(Message given at Newberg Friends Church on March 1, 2015)
I’ve often thought of Peter rebuking Jesus as a great reminder that everyone makes mistakes.
Peter has just had such a high point, being the one person who correctly identifies Jesus as the Messiah, and not just like Elijah or John the Baptist or some other prophet. And yet here in the section today, he totally blows it and gets a stinging rebuke from Jesus.
And what I mean by a great reminder that everyone makes mistakes is actually: this makes me feel really good because I know my mistakes are nowhere near as bad as Peter’s stupidity here. That’s sarcasm, of course, but the reality is there’s a good bit of truth in it. I’ve often thought that Peter’s mistake of correcting Jesus, of acting like he knew better than Jesus did, is one that I don’t make.
The annoying part of looking at this passage again has been the realization that actually, I do sometimes make the exact same mistake that Peter does. I think many of us do. I actually think American Christianity as a whole often makes Peter’s mistake. So let’s dive in and see what the mistake was, see how we do it too, and then look at Jesus’ words to find a way to correct the mistake and live as we are called to live.
Peter’s bold statement in chapter 8, verse 29 is the turning point in the entire gospel of Mark.
“You are the Messiah.” Mark begins his account of Jesus’ life by writing, “The beginning of the good news about Jesus, the Messiah.” We as readers know from the very start who Jesus is, but until Peter’s words in chapter 8 it hasn’t been spoken by or to anyone actually living alongside Jesus.
Up until Peter’s words, Mark shows us an active Jesus, a healing Jesus, a miracle-working powerful Jesus. It all demonstrates his “messiahship”. Now with Peter’s words, we know Messiah is what Jesus is.
Except that immediately afterward, the whole direction of Mark’s gospel changes. Jesus immediately begins teaching them that things are not as they assume them to be. From this point on, the book of Mark turns toward the cross.
Jesus, newly identified as Messiah, starts talking about suffering and rejection and about being killed. It’s hard to overstate how incomprehensible that was to any Jewish person. The power and authority and miracles leading up to Peter calling Jesus Messiah, those were all the things associated with Messiah. Not suffering, rejection and death.
Evidence of how incompatible suffering was with the idea of messiah comes when we look at how Jewish rabbis interpreted Isaiah 53. The way ancient Jewish rabbis interpreted it is so telling. Anywhere Isaiah 53 talks about power and authority and might, they applied it to the coming Messiah. Anywhere Isaiah 53 talks about suffering and grief and sorrow, they applied it to the people or community of Israel.
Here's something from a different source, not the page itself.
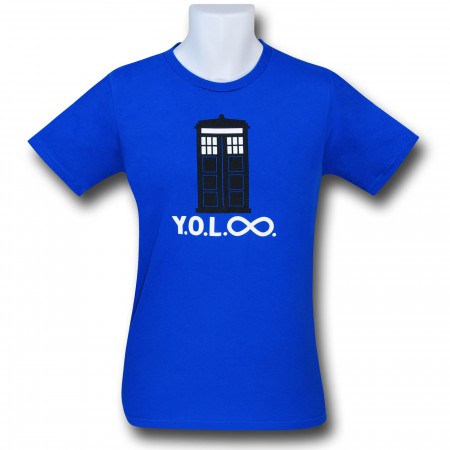 The Doctor YOLO Infinity T-Shirt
It was utterly incomprehensible at the time to have “Messiah” and “suffering” go hand in hand.
Peter can’t go there. Just when he gets the big insight into who Jesus is, Jesus starts talking like the exact opposite. It’s like Peter is all in on the Messiah stuff, and maybe he thinks Jesus is just having a moment of self doubt about what’s coming up when he talks about all this suffering stuff. “Come on, Jesus, no! NO! I just spoke the truth. You are the Messiah! You’re not gonna be rejected and killed! That’s crazy talk!”
I’ve done a similar thing countless times. Like if someone has spent all this time studying for a test, and we’ve just talked about how they made the dean’s list and have been a top student in their major, and they say, “I’m gonna fail this thing”… I might easily say, “No, no, you got this!” Perhaps Peter isn’t so much telling Jesus how to act, as he is thinking he’s encouraging Jesus in a time of doubt.
But Jesus is on a totally different wave-length. Now that Jesus has established that he is the Messiah, he’s being very intentional to teach them what will happen to the Messiah, what it means to be the Messiah. He’s correcting them and challenging the wrong view.
Everything within Peter is telling him that what Jesus is teaching is just plain wrong. Not cause he doesn’t have faith, but precisely because he does believe so strongly in Jesus as Messiah.
God and God’s chosen one have all power! God and God’s chosen one do everything right! Nothing can defeat that! How can the right way be suffering and even death? Peter’s mistake is refusing to accept that God’s way of intervening through Jesus the Messiah is suffering and sacrifice.
When I think of Peter that way, I think about so many times where I relate.
I think of the time here years ago where I had tried so hard to discern how God was leading about a staff position that had to be cut. I was convinced that we had listened well, and now every thing would go well, because of course obedience to God always ends up going well. But instead that led to probably the most difficult period in my life, having to face rejection and struggle, having to deal with frustration with God that things hadn’t worked out well.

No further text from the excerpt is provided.